Google has taken a stand against phishing attacks by revealing Password Alert: a Chrome extension designed to neutralize them after a user is taken in, reports SC Magazine.
Password Alert is a free, open-source extension, designed to spot when you type your Google password into a site outside of the Google domain. The service stores an encrypted version of a user's Google password which the browser then cross-checks every time you type a password into a non-Google external site. If it spots a match, a notification window will appear, suggesting you reset your password right away.
What's more, Mashable reports, enterprise users of Google for Work can have it so that Password Alert is set across a domain, and can opt-in for administrators to receive notifications as users do, potentially alerting them to early threats.

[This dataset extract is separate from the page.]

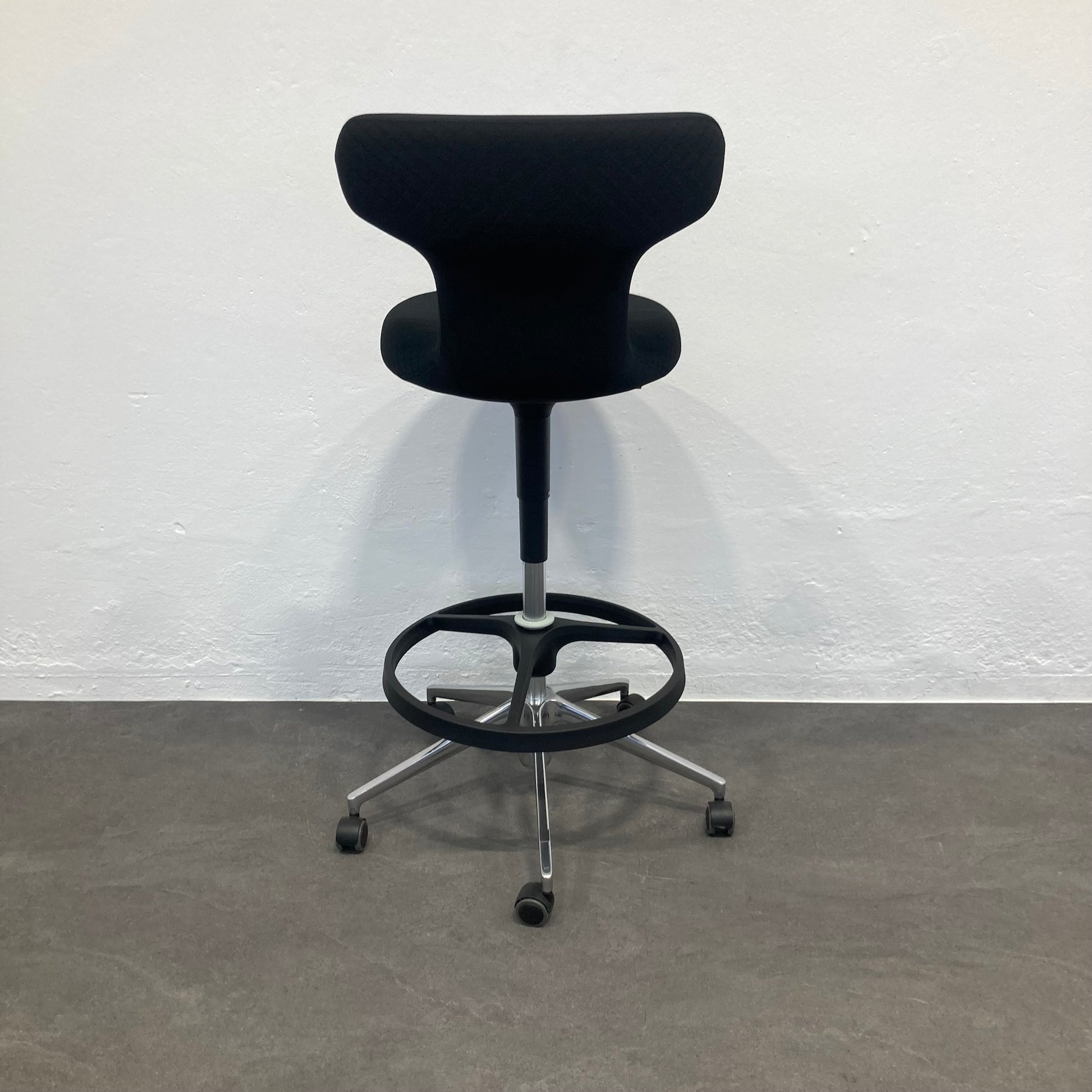 Vitra ID Trim Bürodrehstuhl Ansicht von hinten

Users who repeat the same password across sites will get inaccurate notifications, of course, though security experts recommend against reusing passwords in any case - so prompting a change may not be such a bad thing. Nonetheless, the extension does allow the user to turn off alerts for specific sites, should they wish.
However, ZDNet reports that Google has already been forced to update Password Alert after a security expert devised a few lines of code that could mute the alert notifications. Paul Moore from Urity Group created a proof-of-concept web page that looks like a Google login page - at the time of writing, Google flags the page as a phishing site.
Google has updated the extension, bringing it to version 1.4, but according to ZDNet, Moore has managed to bypass it again with a similar short code. Hopefully the extension will continue to be updated to keep phishers at bay.
At the time of writing, the extension has been downloaded by 27,797 users, according to Google's own figures.